On Tue, 2015-06-09 at 08:44 +0200, Christoph Hellwig wrote:
> I really want to see a good explanation why this is not a blk-mq driver
> given that it does fairly substantial work and has synchronization
> in its make_request function.

The biggest reason, I think, is that the BTT (just like pmem, brd etc),
does all its IOs synchronously. There isn't any queuing being done by
the device.

There are three places where we do synchronization in the BTT. Two of
them - map locks, and lanes are intrinsic to the BTT algorithm, so the
one you referred to must be the 'RTT' (the path that stalls writes if
the free block they picked to write to is being read from). My reasoning
is that since we're talking about DRAM-like speeds,  and the reader(s)
will be reading at most one LBA, the wait for the writer is really
bounded, and queuing and switching to a different IO on a CPU seems more
expensive than just waiting out the readers.
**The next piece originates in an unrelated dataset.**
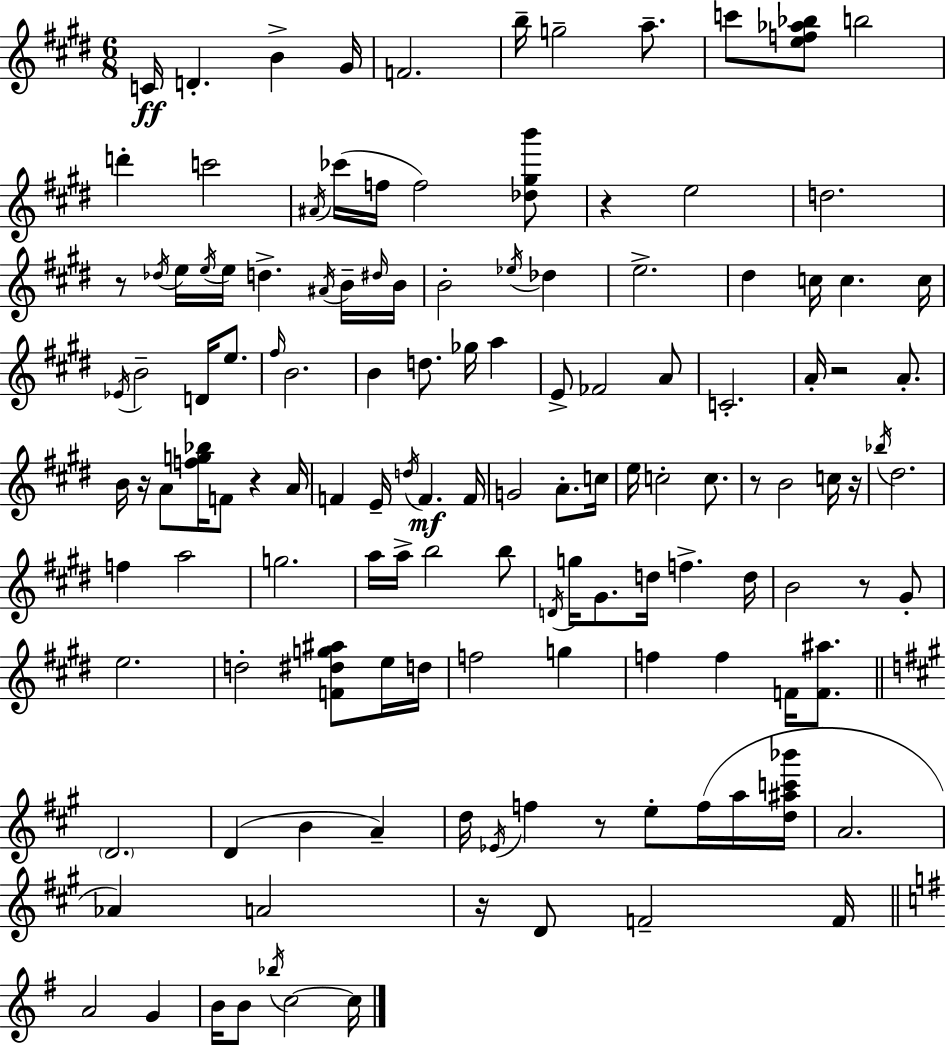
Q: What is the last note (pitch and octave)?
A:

Even for the lane locks, we did a comparison between two lane lock
strategies - first where we kept an atomic counter around that tracked
which was the last lane that was used, and 'our' lane was determined by
atomically incrementing that. That way, if there are more CPUs than
lanes available, theoretically, no CPU would be blocked waiting for a
lane. The other strategy was to use the cpu number we're scheduled on to
and hash it to a lane number. Theoretically, this could block an IO that
could've otherwise run using a different, free lane. But some fio
workloads showed that the direct cpu -> lane hash performed faster than
tracking 'last lane' - my reasoning is the cache thrash caused by moving
the atomic variable made that approach slower than simply waiting out
the in-progress IO. Wouldn't adding to a queue be even more overhead
than a bit of cache thrash on a single variable?

The devices being synchronous, there is also no question of async
completions that might need to be handled - so I don't really see any
benefits that request queues might get us. Allow me to turn the question
around, and ask what will blk-mq get us?